Starting in March, the AAF’s only Florida franchise will practice in Georgia, according to Mike Bianchi of the Orlando Sentinel. The move results from differences in workers’ compensation laws between Florida and Georgia.
As explained by Bianchi, workers’ compensation coverage doesn’t apply to professional athletes in Florida. This requires professional sports teams to find their own insurance coverage. The AAF has yet to do that, which means that the team will be practicing in a place where the state-run workers’ compensation structure includes pro athletes.
“We really need to make sure we take the necessary steps to take care of our players,” AAF CEO Charlie Ebersol told Bianchi. “Our responsibility is always to do what we must do to make sure our players have the best available coverage.”

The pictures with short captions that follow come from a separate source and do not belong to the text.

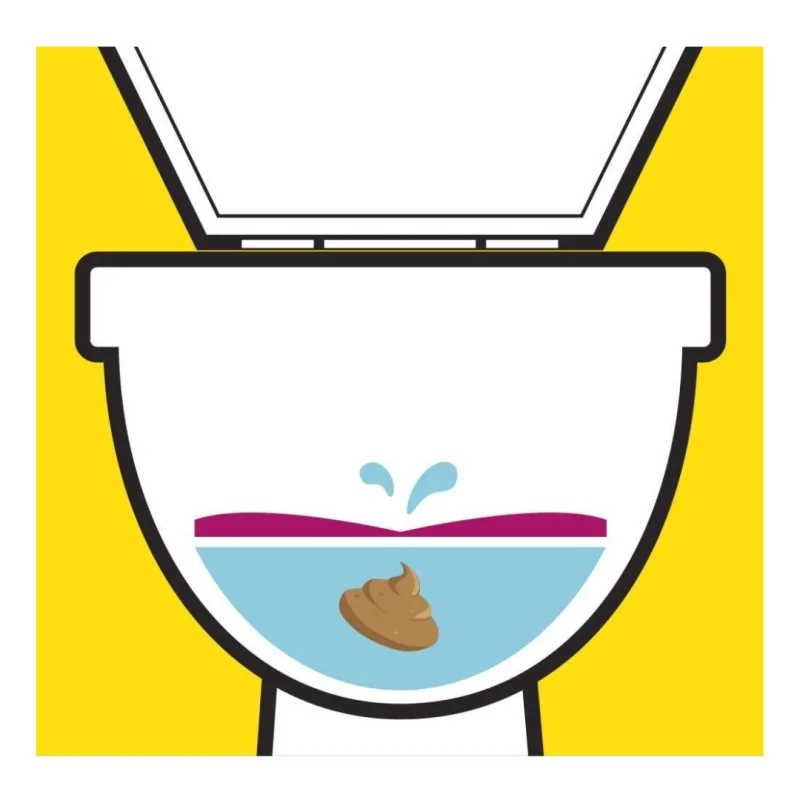 Ambientador Superconcentrado WC Flores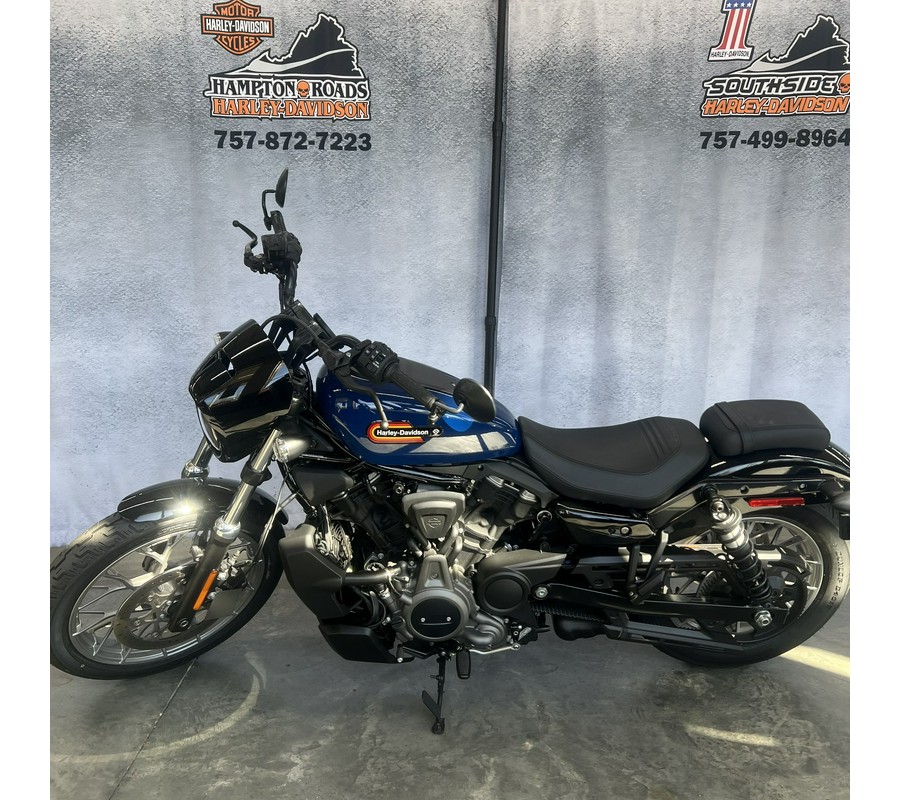 2023 Harley-Davidson Sportster® Nightster™ Special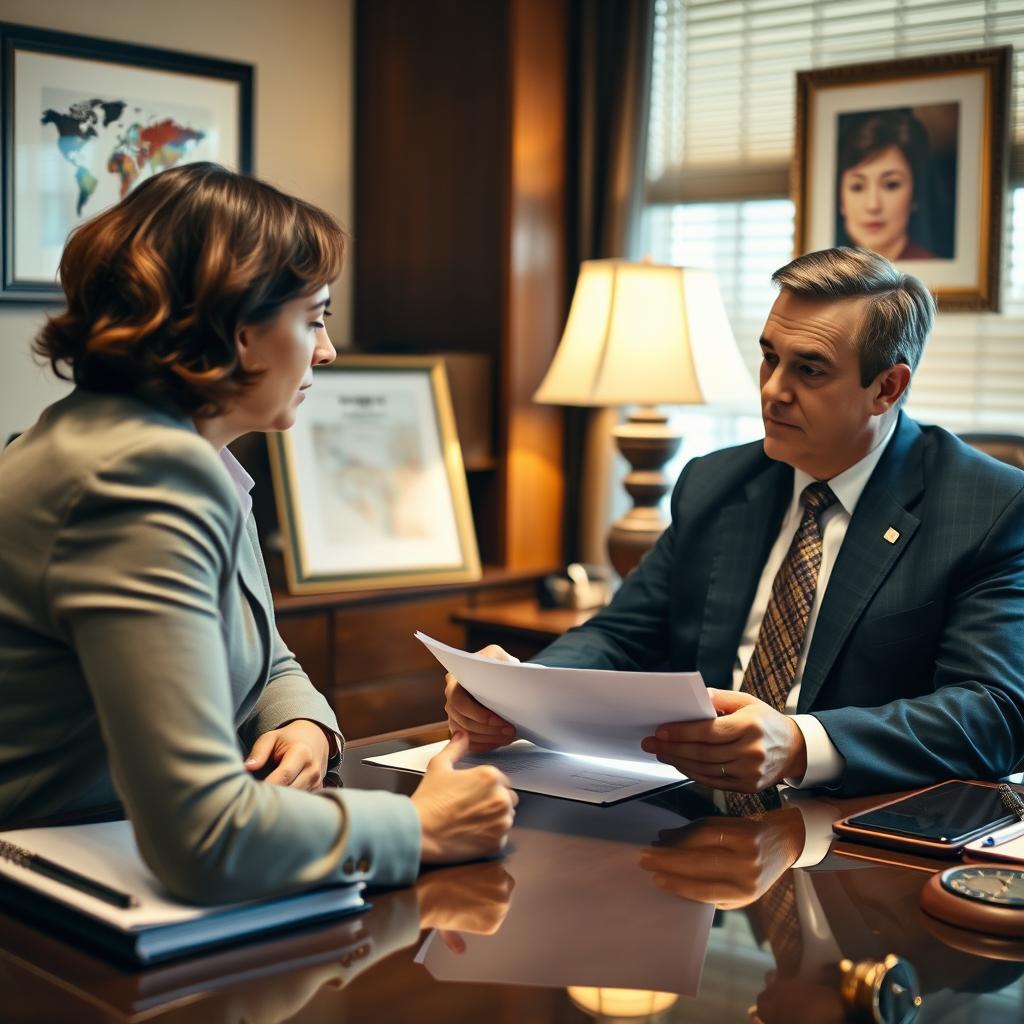 Misprision of a Felony lawyer Fauquier County, VA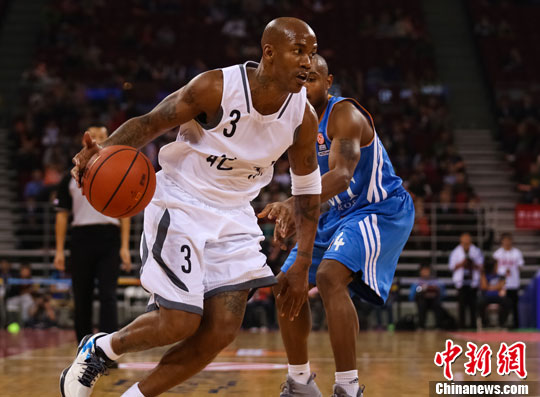 欧洲篮协明年举办篮球冠军赛 欧洲篮协明年举办篮球冠军赛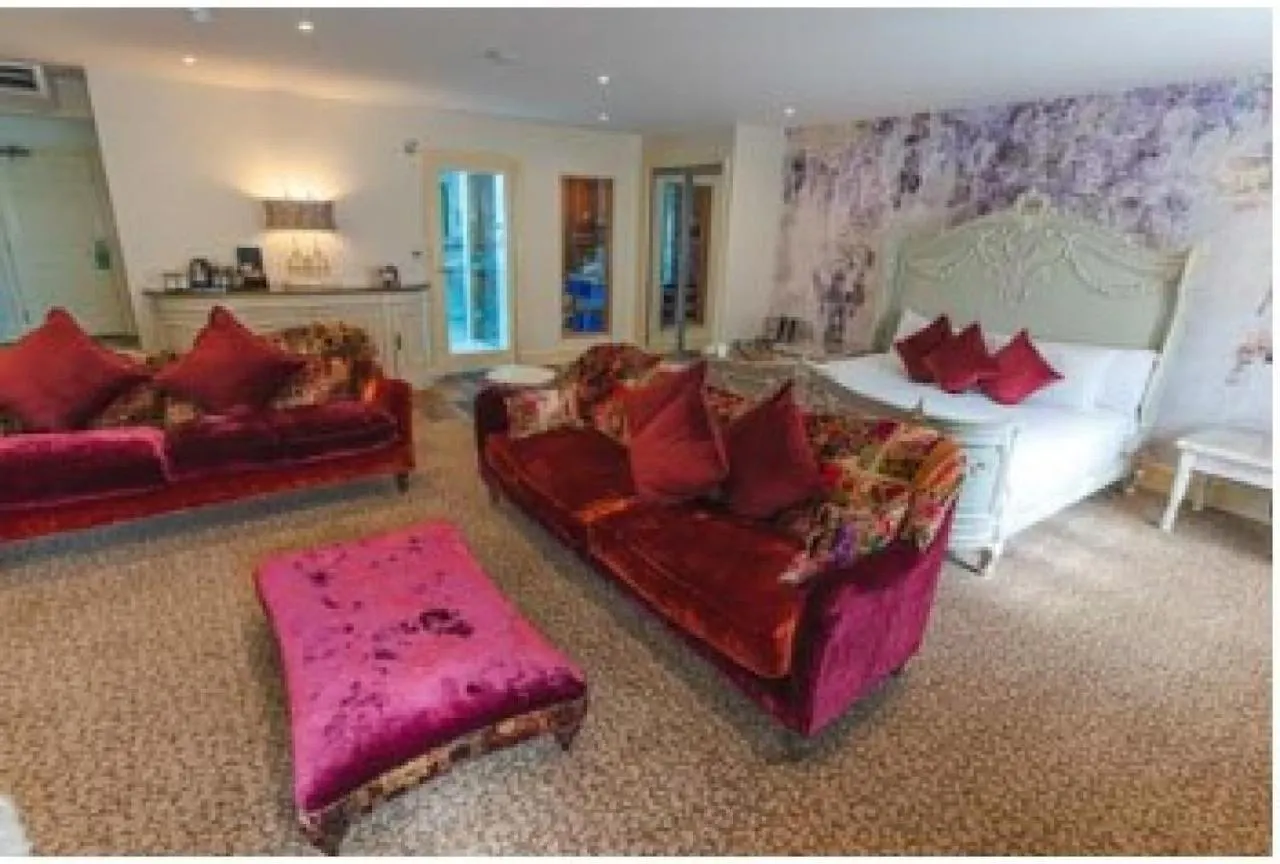 Best Western Premier Doncaster Mount Pleasant Hotel 4*,  United Kingdom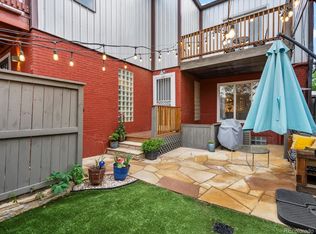 2524 Champa St APT 1, Denver, CO 80205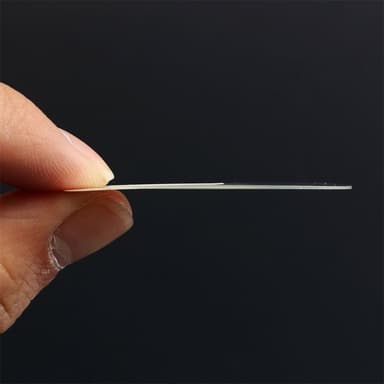 0.26mm 2.5D 9H temperoitu näytönsuoja Fenix 6S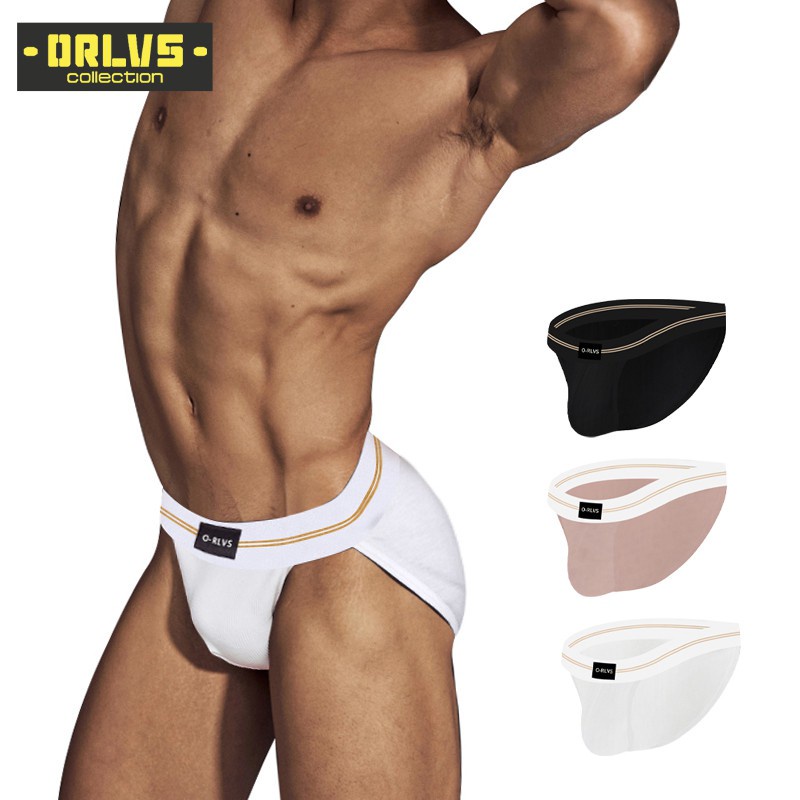 Quần Lót Nam Dạng Lồi Thoáng Khí Or6109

The move also takes care of the AAF, providing immunity from most potential lawsuits arising from workplace injuries in exchange for the no-fault coverage provided by the workers’ compensation system.
As a result, players who currently are living in a Jacksonville hotel will take a bus across the Georgia border for practices at a high school in Kingsland. The Apollo’s home games will still be played in Orlando.
It’s hardly an ideal situation for the 2-0 Apollos.
“We tried to call some big shots in Tallahassee to get it worked out, but I never could get through to the Insurance Commissioner,” coach Steve Spurrier said. “We’re not crazy about the set-up, but it’s all we can do. When you’re in a new league, sometimes you just have to make adjustments.”
It’s an unusual inconvenience for the team and its players, but it’s one of the realities of life in a football league that is still trying to get off the ground.